Pictures with short captions
--

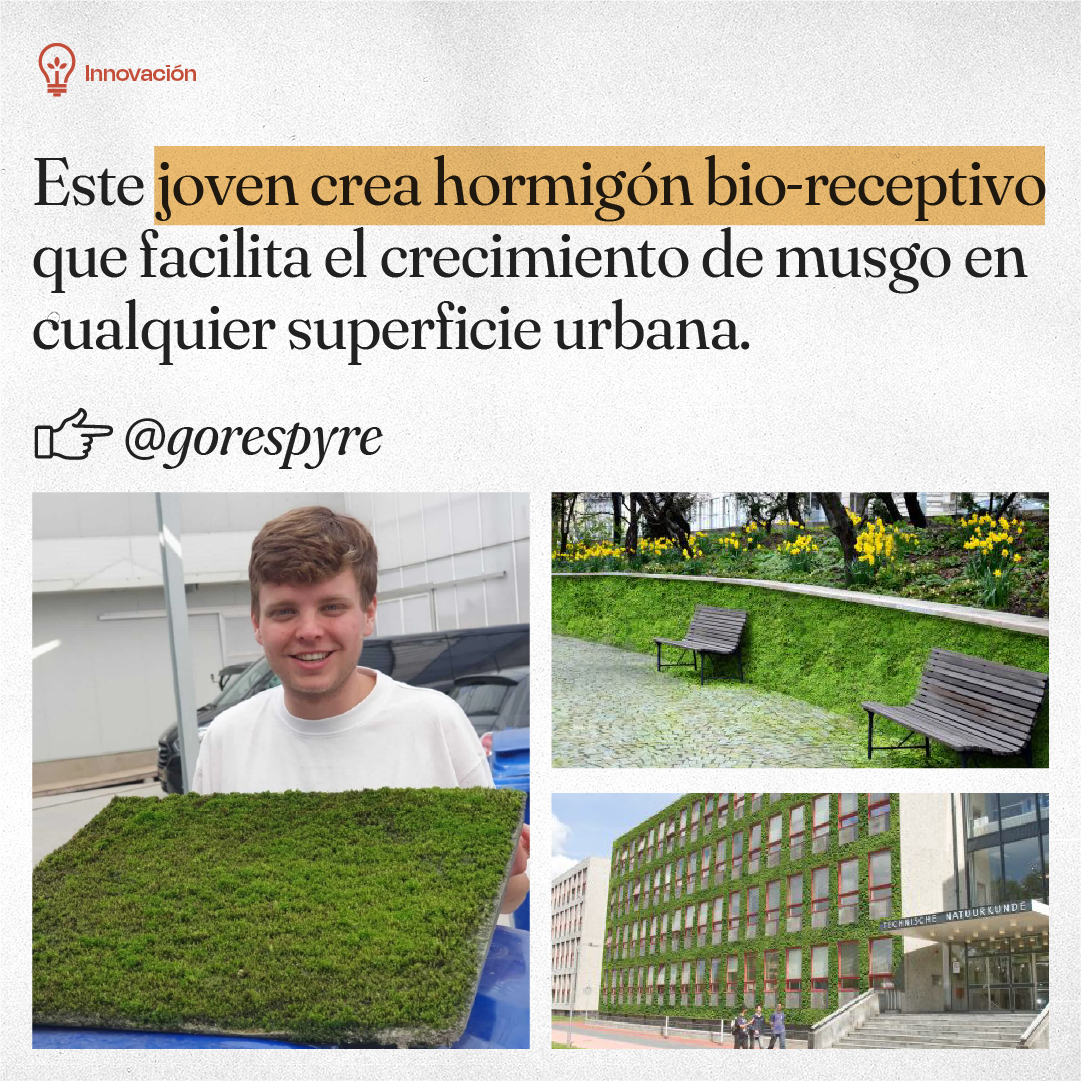hormigon, bio, receptivo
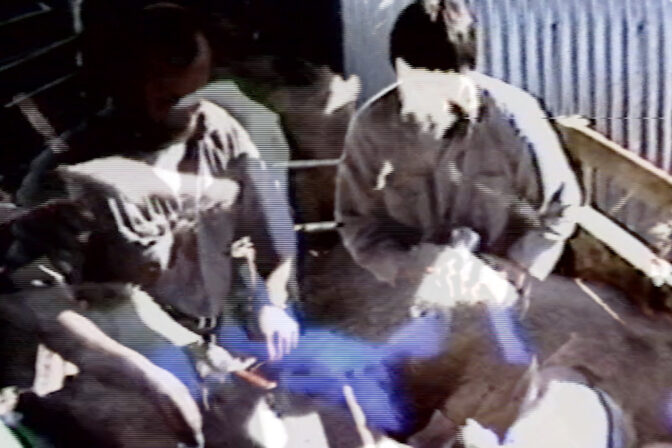 Frances Libeau (web scaled)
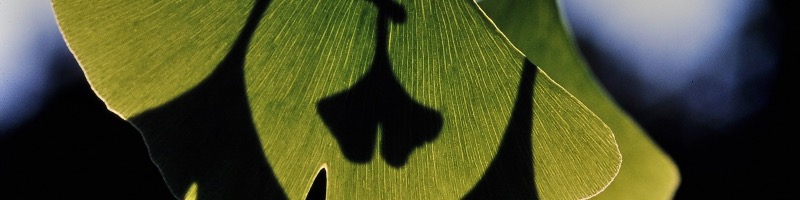 Feuilles de Ginkgo en gouttes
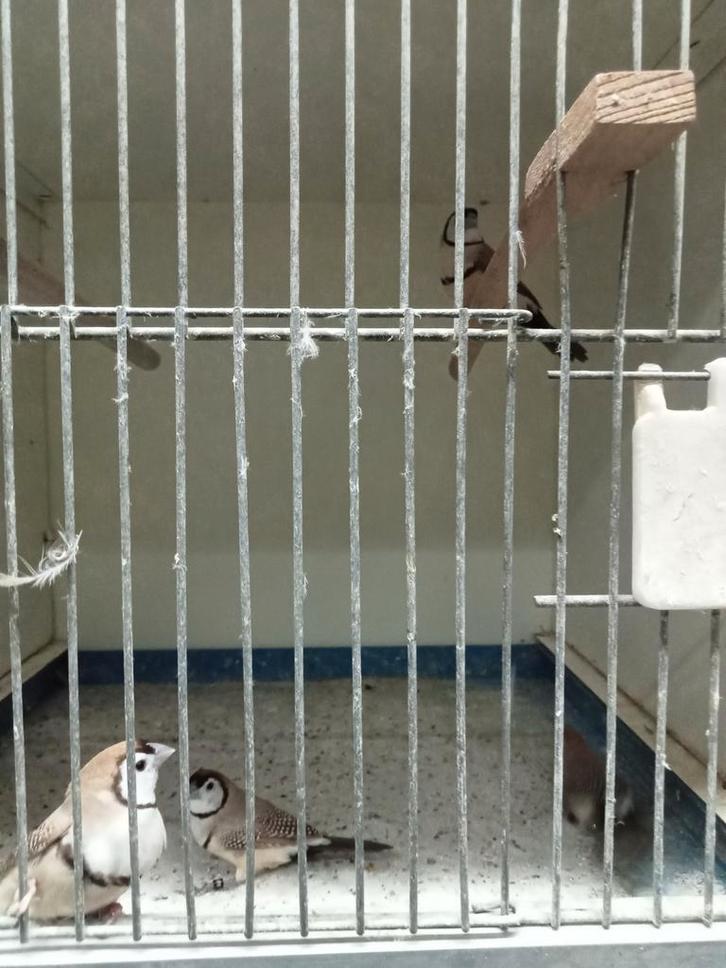 Koppels bruine bichenows, Dieren en Toebehoren, Vogels | Overige Vogels, Meerdere dieren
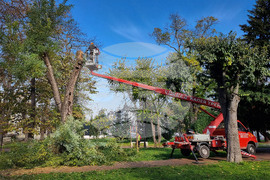 Варна - премахване на опасни дървета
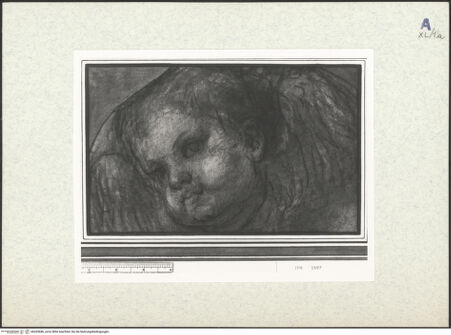 Vorderseite von bh439686_recto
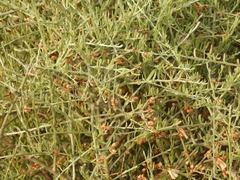 Cyclolepis genistoides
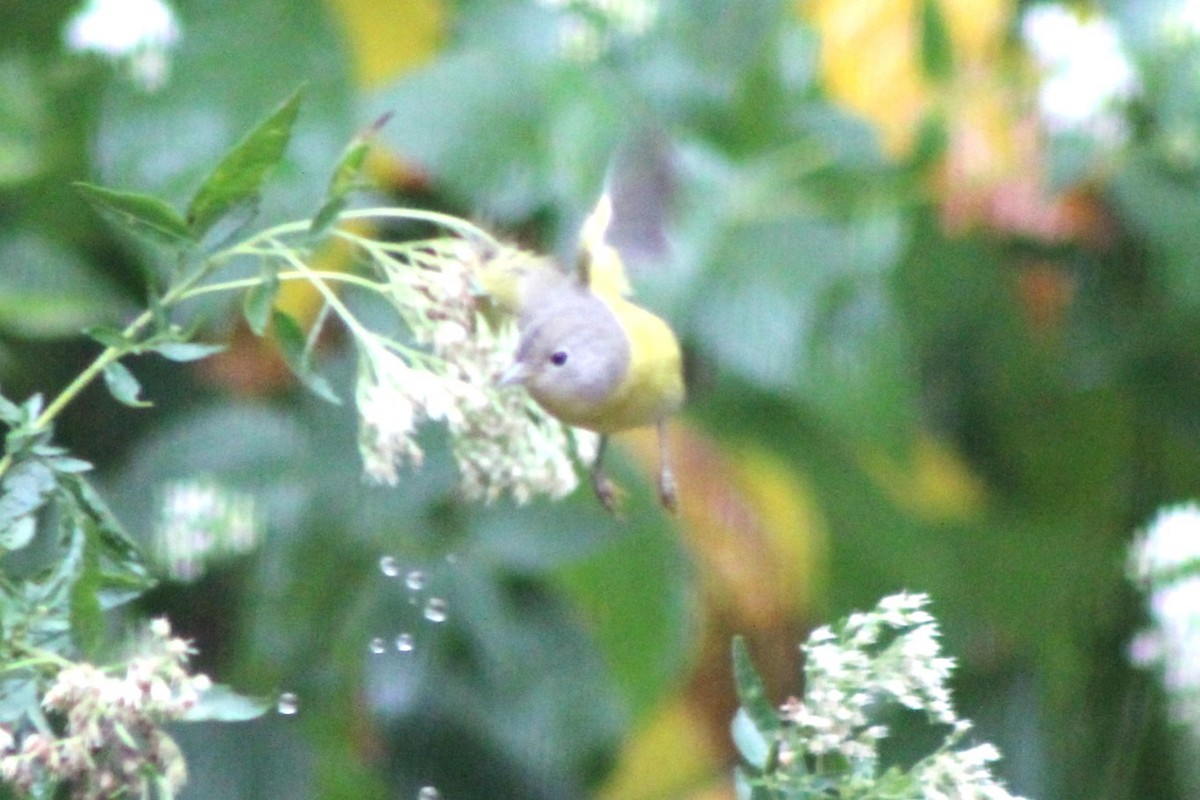 Nashville Warbler - Kenneth Showalter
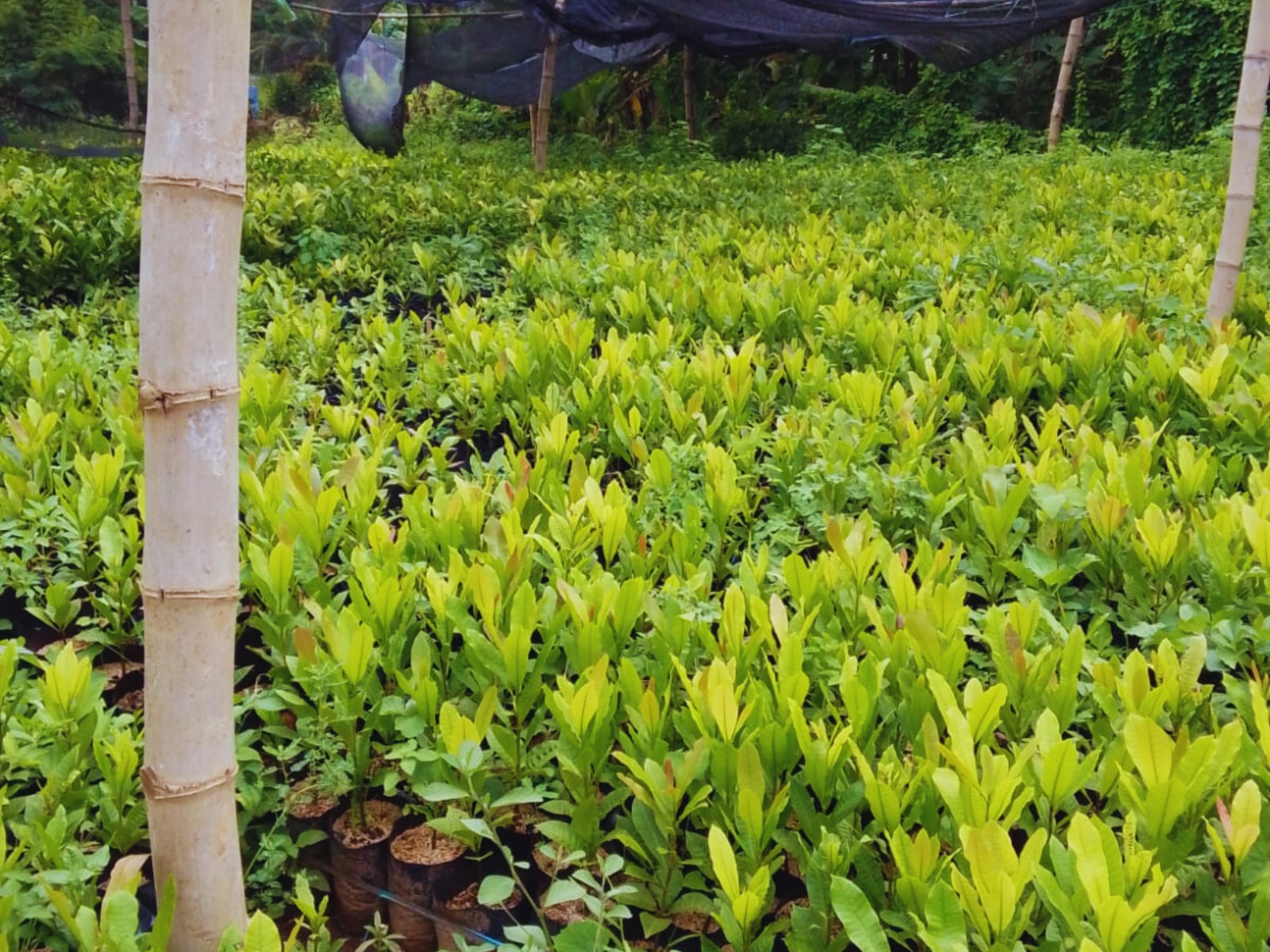 WhatsApp Image 2026-04-08 at 09.51.03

--

TASK BRIEF:
Pictures are to be omitted. The lines from the line holding "Vorderseite von bh439686_recto" through the closing line of the data above are to be set down exactly, and nothing more.

EXERCISE RESULT:
 Vorderseite von bh439686_recto
 Cyclolepis genistoides
 Nashville Warbler - Kenneth Showalter
 WhatsApp Image 2026-04-08 at 09.51.03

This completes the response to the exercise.